In practice, preparing more than one cocktail is often prohibitive. When trying to optimize a recipe, however, it may not be a bad idea to compare the different possibilities directly. Consider the choice of bitters in the Monte Carlo,

Markov Chain Monte Carlo

In four shot glasses prepare
1 oz rye whiskey
0.5 oz benedictine

Add to individual glasses
1 dashes Angostura bitters
1 dashes Whisky Barrel Aged bitters
1 dashes Peychauds bitters
1 dashes Xocolatl Mole bitters


Now let's see how long I can go without talking about work...

8/11/09

the flux bias

[by john]

some truths are hard to swallow - tonight it was that cryogenic experiments can require late nights in the lab, so that precious liquid helium doesn't run out. but thankfully, quality homemade drinks are easy to swallow.
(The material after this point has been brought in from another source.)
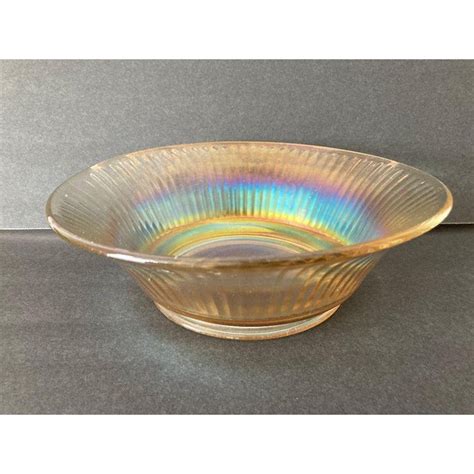 Midcentury Vintage Marigold Iridescent Carnival Glass Serving Bowl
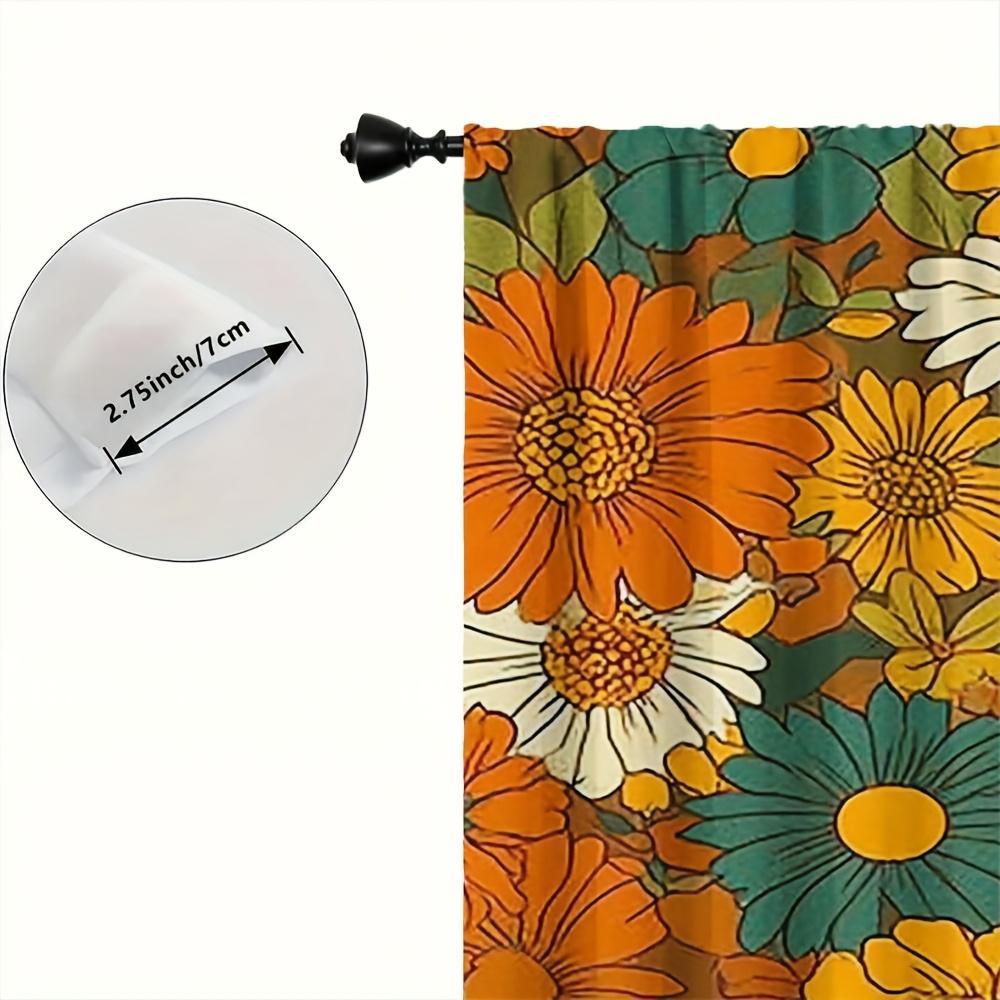 Grooviges 70er Jahre Gänseblümchen Vorhang Set 2 Stück Stangentasche Halbtransparent für Wohnzimmer Schlafzimmer Dekoration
here's what i played with tonight after getting home:
the flux bias

1 1/2 oz tequila (azul reposado)
1/4 oz green chartreuse
1/4 oz maraschino liqueur

stir and strain.
very sippable, with the different earthy flavors taking turns. the name is a bitter (hah) reference to the little electronic things i was trying to keep cold and characterize - squids.

another hard-to-swallow one: mike may have been right all along - the tequila trend is definitely here, with a new tequila-heavy bar mayahuel in manhattan, the spirit's re-christening at tales (according to misty, tom, and many a blogger), and the great popularity of my sole tequila drink at the party. i'm rolling with the trend, and it's fun. azul, it's worth mentioning, has a great flavor (and no nasty vapors), with a great price point ($23 for my bottle).

p.s. - it is hard to quantify the excitement between mike, andy, and i over the (early, in time for the party [the 1919 was a house special saturday night], thanks to adam) arrival of the xocolatl mole bitters. good things shall come.